During 2011 and 2012, the Australian reinsurance segment recorded an increase in reinsurance rates due to the natural disasters that occurred during 2010 and 2011. Australia was affected by eight natural disasters in 2010, which included five floods, a tropical cyclone and two major storms. The worst of these events was the Queensland floods that occurred in December 2010.
This report provides a comprehensive analysis of the reinsurance market in Australia:
- It provides historical values for the Australian reinsurance market for the review period (2007–2011) and forecast period (2012–2016)
- It offers a detailed analysis of the key sub-segments in the Australian reinsurance market, along with market forecasts until 2016
- It provides a detailed analysis of the reinsurance ceded from various direct insurance markets in Australia and its growth prospects
- It profiles the top reinsurance companies in Australia
- The result of the high frequency of natural disasters over two years was an increase in reinsurance rates.
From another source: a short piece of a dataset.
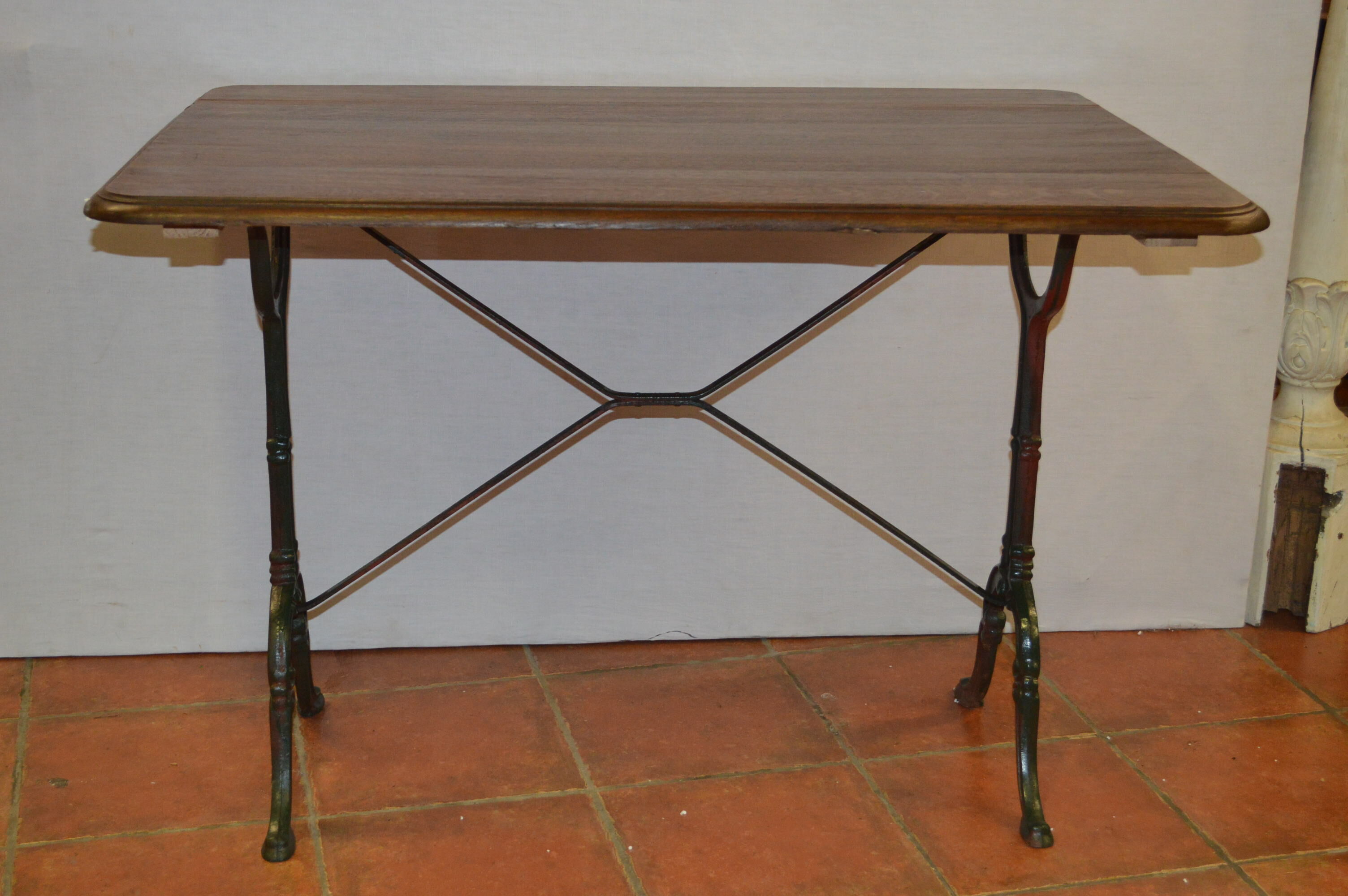 Table bistro with base in cast iron and top in oak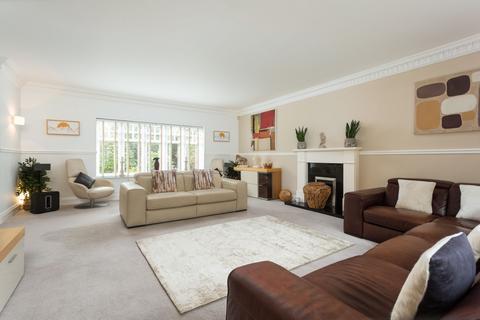 5 Carrs Meadow, Escrick, York, YO19 6JZ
Reinsurance rates in Australia increased by 75% between 2010 and 2012.
- Despite the impact of natural disasters such as the Queensland cyclones and the Victoria storms which resulted in widespread flooding, the Australian reinsurance segment recorded a profit during the review period.
- Australian insurance regulation forced every insurer to cede a part of their premium to reinsurance due to the natural disasters which impacted Australia during the review period.
- The Australian reinsurance segment is dominated by multinational companies including Munich Re of Germany, Swiss Re of Switzerland, RGA Re of USA, Hannover Re of Germany, General Re and SCOR Re of France.